Thanks all,But of a downer really. I've looked on the Florida Board website and can't see anything about what the actual number of hours are. I did see about some companies that evaluate your course to see if it is sufficient.Frankly I feel very frustrated that despite doing a foundation year including theory and practice across all fields this is still not enough. It seems that to get a paeds job in USA, I have to have less experience of children's nursing, and more in areas I am not going to need. I could end up applying for a NICU post with no NICU experience by swapping to adult branch. It really seems to make no sense at all. But if that's the system, that's the system!Still hoping for a way through this, don't particularly want to switch branch, and definitely can't afford the course in Canada!x
I wouldn't go through the companies advertised, you as a health care worker have to go through CGFNS so wait until you have finished and do CES that will tell you what hours you are short on. It has to cover both theory aswell as practical hours
Sorry, but it is better that you find out now, then get surprised later.
Belinda-wales, RN
356 Posts
Hi if you reaaly want to work in the US and you can changew I would change to adult branch now you could always specialise in child nursing at a later date being an RN adult branch would give you better oppotunity of moving to US
Thank you all for the information, I will talk to my tutor about it next week and see where to go from here.
english_nurse
1,146 Posts
Thank you all for the information, I will talk to my tutor about it next week and see where to go from here.x
hi, i took NCLEX in june and am waiiting for my I140 to come anyway, i had obs= 67 theory 112 clinical, peads 67 theory 120 clinical, mental health 67 theory 105 clinical
these hours were on my transcrip and were enough to allow me to have an american licence
i hope this might help im not sure of the minimum requirements as apparently it is a closly guarded secret (according to OGP) and we all know they are always right!

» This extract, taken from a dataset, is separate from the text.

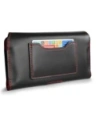 Hurtownia GSM - Husa de protecție din piele LURESKO ELLA XXL pentru telefon - 170x85x12 / pentru geantă sau rucsac (neagră cu fir roșu) - LUR131 - {ean13} - Hurt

i think its really tough for nursing students in the uk at the moment, at my trust they cant get jobs as there is a recruitment freeze and they cant go to the usa as they havnt got the right amount of hours to take NCLEX.
good luck with it all i hope the information helps.
cariad
628 Posts
it appears that each state requires different hours, so theres no way of knowing what one place will accept and another say that you are short in specific areas.
the credentials evaluation service done through cgfns seems to be the way to go for us brits.
Each state has their own requirements, as well as CGFNS with the Visa Screen Certificate. The hours will vary between states.
It also depends on how your school split up the hours when they list them on your transcripts. There are so many variables. Do not rely on what an agency tells you, but do your own homework in this.
What worked for one doesn't always work for the second.